“When guests visit they will also see hundreds of artefacts spread throughout the building, memorabilia from Mr. Mulroney’s nearly nine years as prime minister, items that reflect significant moments in Canadian political history. Visitors will find a trove of historical documents and will visit a replica of the prime minister’s office including his original desk….”
St. Francis Xavier University press release
October 26, 2016
This column originally appeared in the Halifax Examiner December 4, 2017.
When the Mulroney Institute (“Canada’s leading centre for undergraduate teaching and research in the field of public policy and governance”) officially opens next year in Mulroney Hall (a new $40-million edifice honouring the long life and many works of one Martin Brian Mulroney, prominent St. F.X. alumni and Canada’s 18th prime minister), I have a few suggestions for student assignments.
Perhaps students entering its four-year degree program could begin their education on public policy and governance (and how things really work) with a scavenger hunt through that original Mulroney desk. First one to find the three envelopes destined for Mulroney — each stuffed with cash from German arms dealer, political fixer and convicted tax evader Karlheinz Schreiber’s Swiss bank account — gets to write an essay on the lessons still not learned from Canada’s Airbus scandal.
More advanced students might want to sift through Mulroney’s “trove of historical documents [and] memorabilia … that reflect significant moments in Canadian political history” in search of evidence to explain how Wafic Said, a Syrian-born, Monaco-based arms dealer, who ran much of his fortune through a Bermuda tax haven and was accused of funneling billions of dollars in “corrupt commissions” to members of the Saudi royal family, managed to qualify for Canadian citizenship.
Finding the answer to that question should be easier than it seems. In 2015, St. Francis Xavier University awarded Said — who, not so coincidentally, donated $4-million to the Mulroney Institute — an honorary degree. Surely, the president’s office must still have his email address.
Failing that, an eager student should be able to check with Mulroney himself, the institute’s namesake, who no doubt engineered Said’s honorary degree and who may also have been helpful in landing Said his Canadian citizenship. Earlier this fall, when Said’s name surfaced in the Paradise Papers tax haven documents, Mulroney told the CBC, through his lawyer, he “has known Mr. Said and his family for more than 20 years. He is an outstanding man, a highly successful investor and a leading philanthropist. He is also a good friend.”
The former prime minister has had many “good” friends, a number of whom pop up in leaks of information about tax havens. Many of those same names also figure prominently in helping underwrite the Mulroney Institute, which university president Kent MacDonald has called “the most transformative project in the history of St. F.X.”

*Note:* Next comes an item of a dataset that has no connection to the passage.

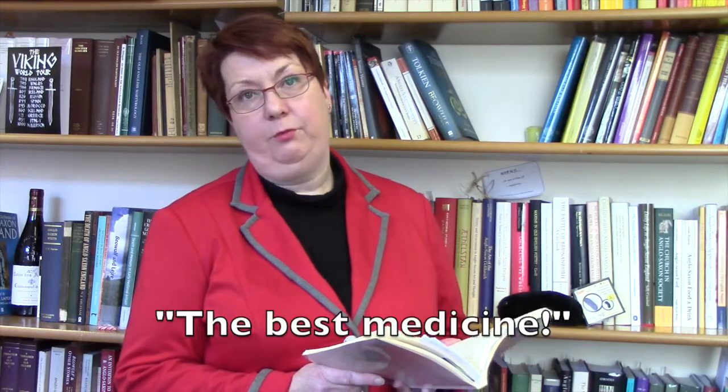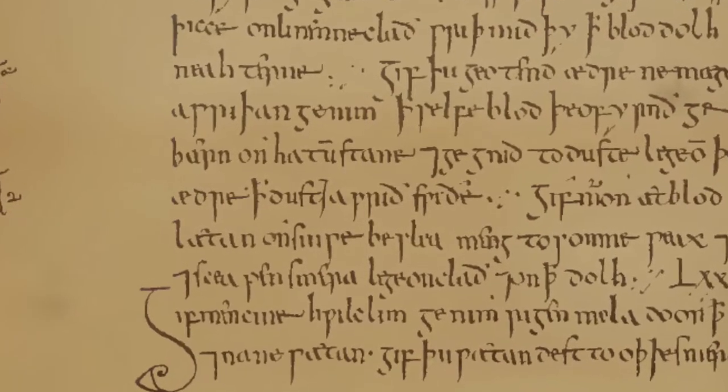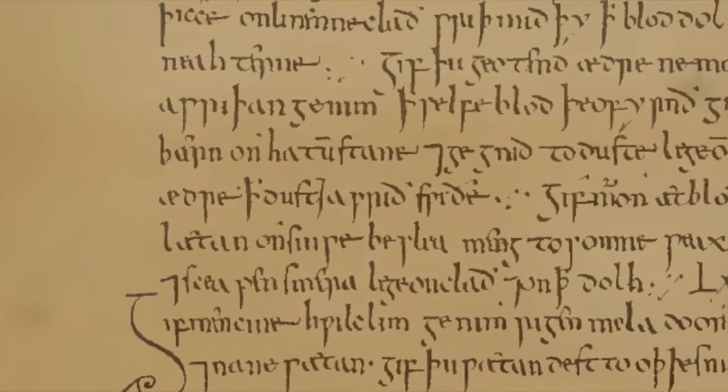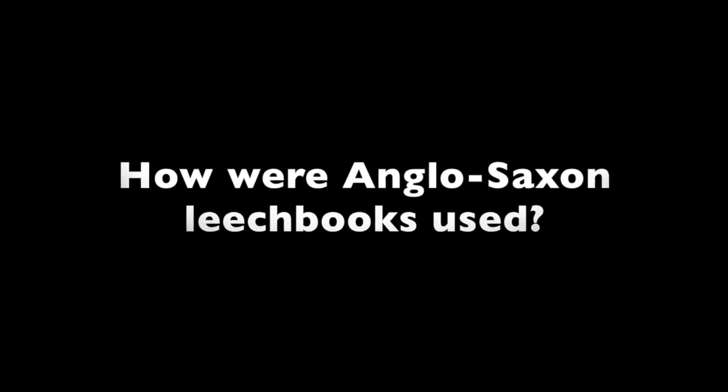And this is where our recipe comes from. It is from Bald's Leech Book, which is associated with the 9th to 10th century. Bald's Leech Book is an interesting manuscript. It is not one of those big, decorated manuscripts — it's a user's manuscript. It is obviously there for someone to handle, as an aide-memoire, probably.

Besides Said, the CBC reported last week that donors to the $60-million Mulroney Institute — many of them personally solicited by Mulroney— ranged from Said to Victor Dahdaleh, “a Jordanian-born metals magnate implicated in aluminum-industry kickbacks, to [Wilbur Ross,] one of U.S. President Donald Trump’s cabinet picks with ties to Russia,” to the infamous Koch brothers, U.S.-based funders of far-right causes and deniers of climate change. (Ironically, one of six academic chairs this avalanche of funding helped finance will be a chair in “climate change and the environment.” We shall see.)
Dahdaleh, who gave $1.5-million to create the Victor Dahdaleh Chair in Democracy and Governance, also received an honorary degree from the university.

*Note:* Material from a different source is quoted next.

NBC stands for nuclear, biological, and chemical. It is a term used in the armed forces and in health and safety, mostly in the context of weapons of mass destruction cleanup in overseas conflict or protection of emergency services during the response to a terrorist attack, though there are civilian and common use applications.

The university’s president, who would not agree to an interview with the CBC, did release a statement insisting that St. F.X. not only has a “very rigorous process” for choosing who to honour with a doctorate but also noting the “significant … economic impact” the new institute will have on northeast Nova Scotia.”
The two do not seem unconnected.
As Jim Turk, director of the Centre for Free Expression at Ryerson University in Toronto, told the CBC: “Universities are under-funded so they’re desperate for money, and what happens so often is that they become very uncritical about who they accept the money from.”

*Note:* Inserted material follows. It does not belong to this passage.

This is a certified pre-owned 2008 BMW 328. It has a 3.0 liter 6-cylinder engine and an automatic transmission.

Seems to be the case here.
As for that “rigorous” vetting process the president speaks of? Peter McInnis, chair of the university’s department of history and a member of the university’s senate, which votes on such honours, told the Canadian Press that nominations are sometimes “shrouded in mystery… and often there is no real deliberation. It’s a fairly perfunctory process and it should be subject to greater scrutiny.”